▸ Available data
►

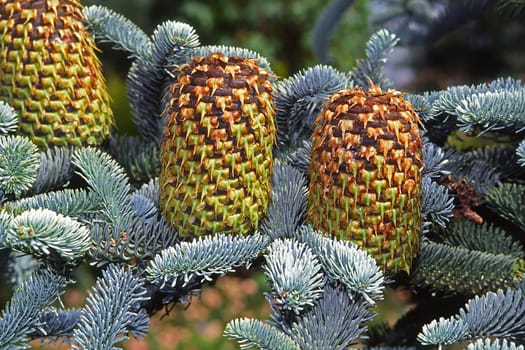 Abies procera 'Glauca' Noble fir,cones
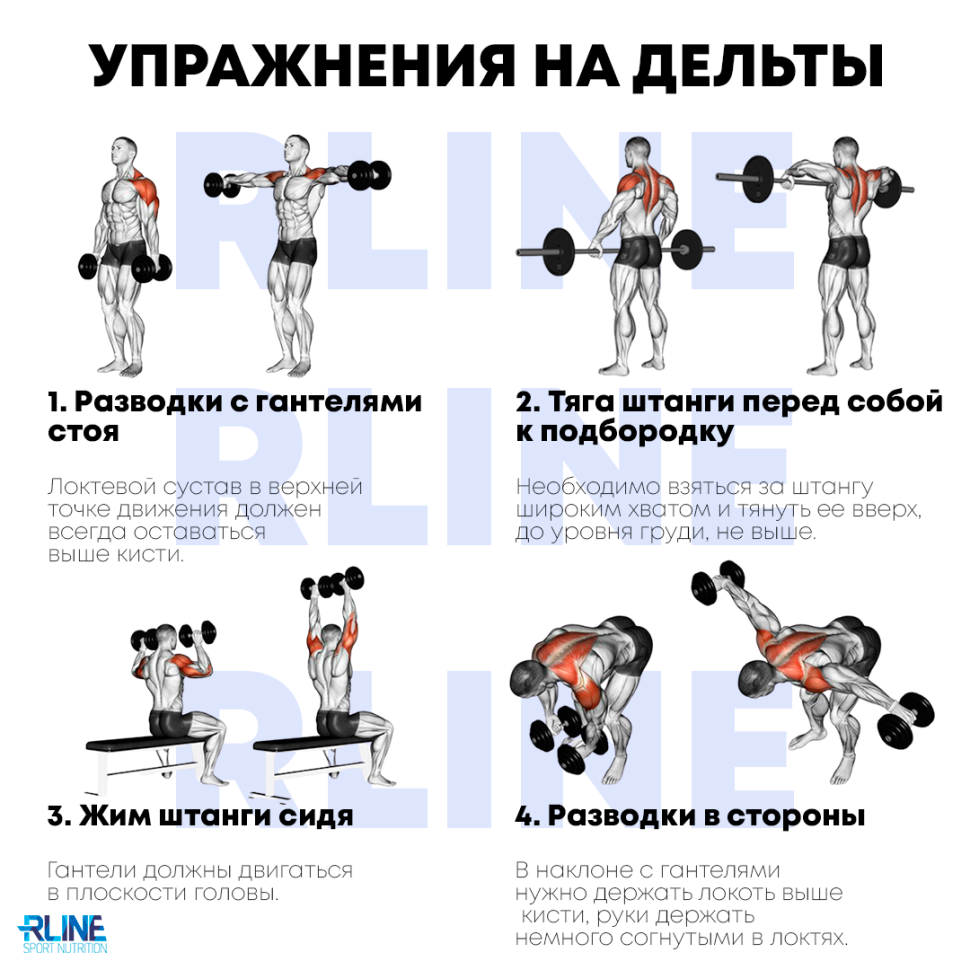 Упражнения на пресс в спортзале для мужчин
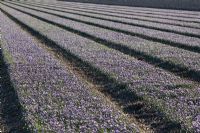 Growing field of Crocus 'Spring Beauty' in Holland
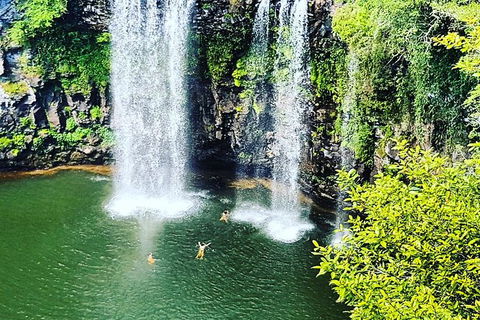 Rainforest & Waterfall Experience - Gold Coast 4U 2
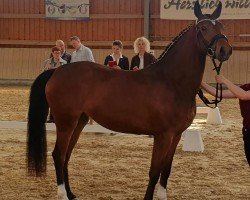 broodmare Kleopatra (German Riding Pony, 2020, from New Classico)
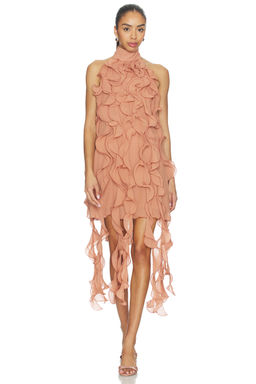 Aniye Records - Gaby Ruffle Dress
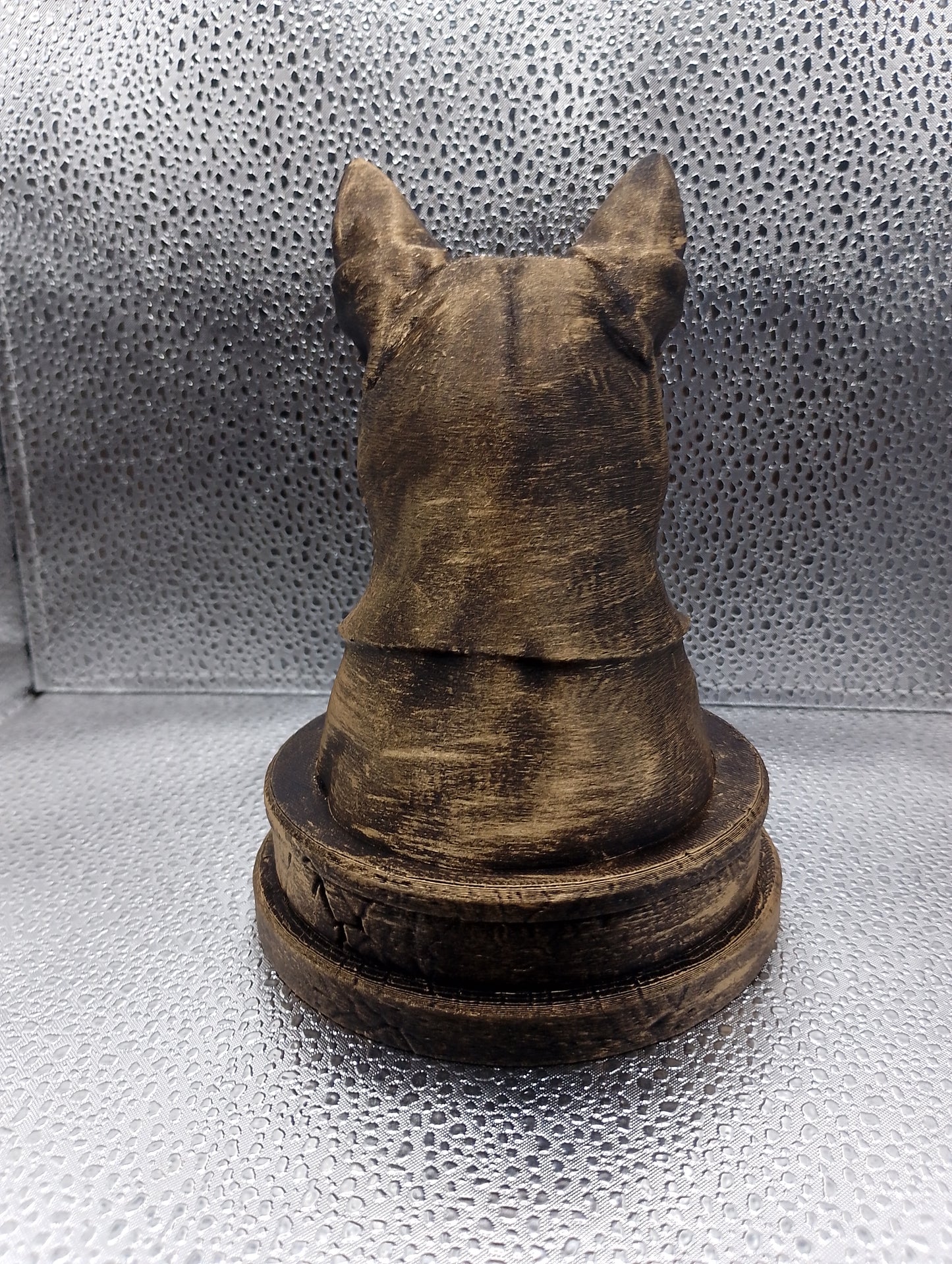 Canaan Dog Bust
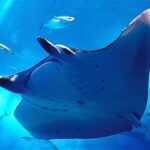 Мантовият скат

◄

▸ Task instructions
Repeat each entry exactly as given; no pictures belong in the copy.

▸ Task response
 Abies procera 'Glauca' Noble fir,cones
 Упражнения на пресс в спортзале для мужчин
 Growing field of Crocus 'Spring Beauty' in Holland
 Rainforest & Waterfall Experience - Gold Coast 4U 2
 broodmare Kleopatra (German Riding Pony, 2020, from New Classico)
 Aniye Records - Gaby Ruffle Dress
 Canaan Dog Bust
 Мантовият скат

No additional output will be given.